All three major U.S. stock indexes jumped more than 2 percent Thursday as a break seemed to occur in the political standoff on Capitol Hill: Republicans signaled that they would be willing to temporarily boost the debt ceiling in order to avoid a U.S. default that could cause economic calamity, and President Barack Obama said he would consider signing such a bill.

"I would hope the president would look at this as an opportunity and a good-faith effort on our part to move halfway, " Speaker of the House John Boehner, R-Ohio, told reporters Thursday.

The other half of the standoff is beginning to have consequences, however, as the federal government remains shuttered with no end in sight as Republicans and Democrats battle over the budget. Fremont high-tech firm SGI announced after the end of trading Thursday that it would not meet its projected revenue target because its government clients aren't able to pay their bills or sign up for new service.

"Although we began Q1 expecting ongoing budget uncertainty in the federal space similar to what we experienced through the fiscal cliff and the sequester, we could not have anticipated the unprecedented halt in all transaction activity that occurred in late September due to the looming government shutdown," SGI CEO Jorge Titinger said in Thursday's news release.

SGI said that it expects to report quarterly revenue of $147 million after earlier forecasting sales of $160 million to $170 million, and losses are expected to grow to a maximum of 21 cents a share from earlier forecasts that capped net losses at 14 cents a share, partly because funds for a project were frozen at the federal level.

Titinger added that the shutdown will continue to cause financial uncertainty because "it is virtually impossible to transact business with most of our federal customers at this time."

After joining in Thursday's gains with a 2 percent advance to $16.35, SGI stock plummeted in after-hours transactions to near $14, a decline of more than 14 percent.

The Fremont company -- which focuses on high-performance workstations, enterprise storage and big data services -- might not be the last local company to show short-term financial strain from the shutdown, as many Silicon Valley giants count on federal contracts for revenues, including San Jose networking giant Cisco (CSCO). With earnings season beginning, investors will be looking for signs of weakness from companies exposed to the shutdown, especially in their forecasts for the all-important final quarter of 2013.

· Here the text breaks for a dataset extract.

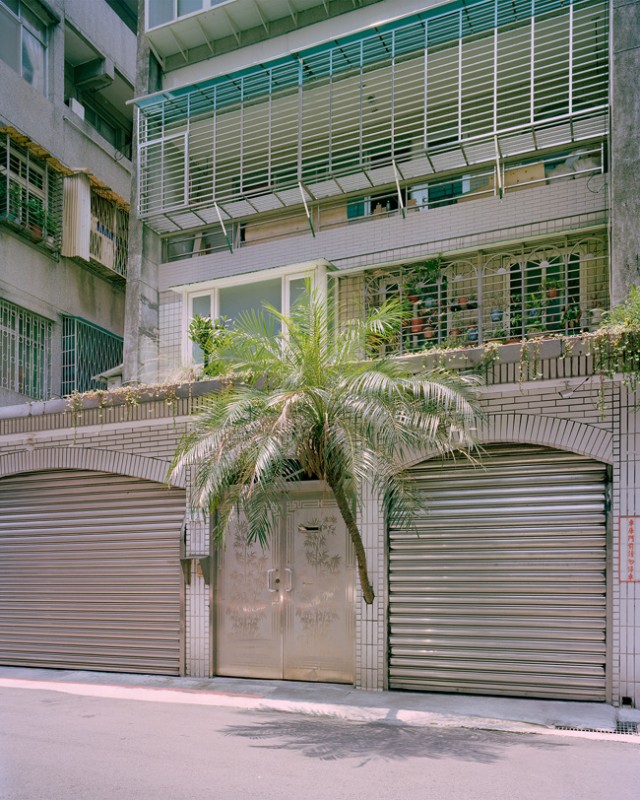 arbre-mur-taiwan-03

"Earnings uncertainty is a reason to be cautious in the near term. We're going to be watching very closely the companies that come out with guidance," Leo Grohowski, chief investment officer at BNY Mellon Wealth Management in New York, told Reuters.

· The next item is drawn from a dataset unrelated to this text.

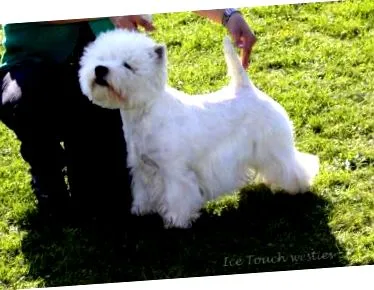 white terrier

SV150 market report: Netflix and Facebook rebound, HP turns around

Silicon Valley stocks joined in Thursday's reversal on Wall Street, with the SV150 also gaining more than 2 percent and former high fliers like Netflix (NFLX) and Facebook recovering from big losses earlier in the week.

Facebook moved 4.9 percent higher to $49.05 even as the Menlo Park social network announced the end of a privacy safeguard that most of its members were not using. Netflix jumped 5.4 percent to $303.99 after Needham initiated coverage of the Los Gatos company's stock with a "Buy" rating and $425 price target. Other local tech companies that had experienced sharp rises earlier in the year and sharp falls this week joined in: Tesla Motors (TSLA) gained 2.5 percent to $172.93, Yelp moved 4.4 percent higher to $66.25 and Pandora Media increased 3.9 percent to $24.70.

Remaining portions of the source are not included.